How do we prevent accidental collisions of project names?

[yaronyg]

Imagine someone has a project called Foo and deploys it in a few DCs in the US. Then someone in Germany creates a project called Foo and deploys it in a few DCs in Europe. Then suddenly both project owners realize they need to go international and try to deploy in the other geography.

Now so long as the names of the individual resources are different then it won't matter because our DNS names contain both project name and resource name. But if the resource names are the same (and this is HIGHLY likely in the case of KeyVault because we create and name a default KeyVault and we give it the same name in all projects) then we will have collisions.

So ideally we would have some kind of global registry where people can grab project names and thus let other people know they should use a different project name.

Note that this is only to handle good people trying to follow the rules.
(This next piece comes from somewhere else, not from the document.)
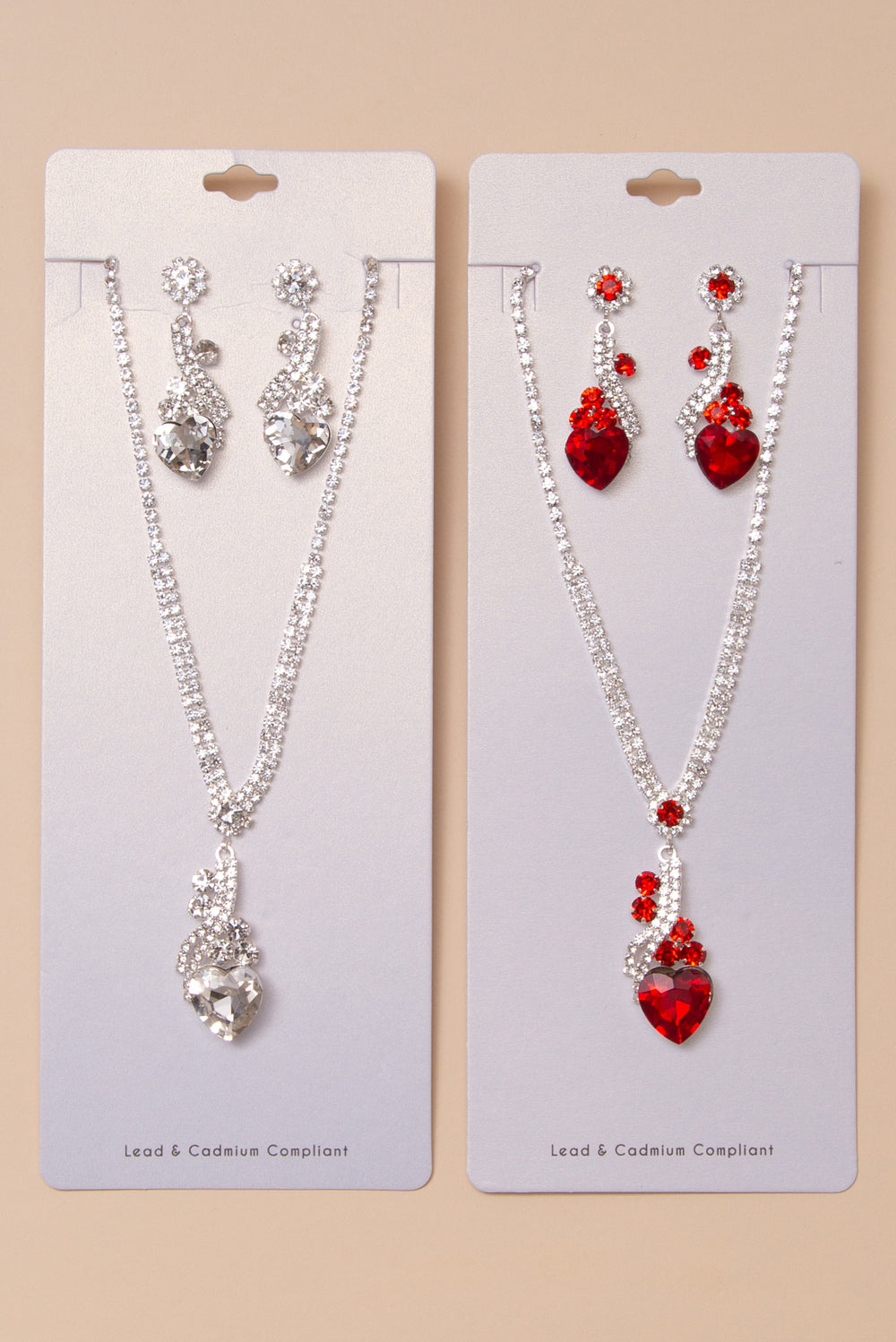 Leah Necklace and Earring Set with Crystal Heart Pendant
If someone wants to maliciously grab names they know another developer will use in their deployments then currently there isn't anything we can do to stop this in Azure. Short of switching all names to cryptographically secure GUIDs we just can't solve it. So if malicious behavior becomes a problem then we will have to go for help to Azure.

In thinking through this problem one approach we are thinking about is a "lock token". Imagine if during Init we try to create some free resource (an Azure function? An empty storage account?) in a single DC. Everyone, everywhere using Sleeve would always try to create the resource in the same DC. That resource's name would be the selected project name. If the resource can't be created then we know someone else is using it and we have to pick a different name.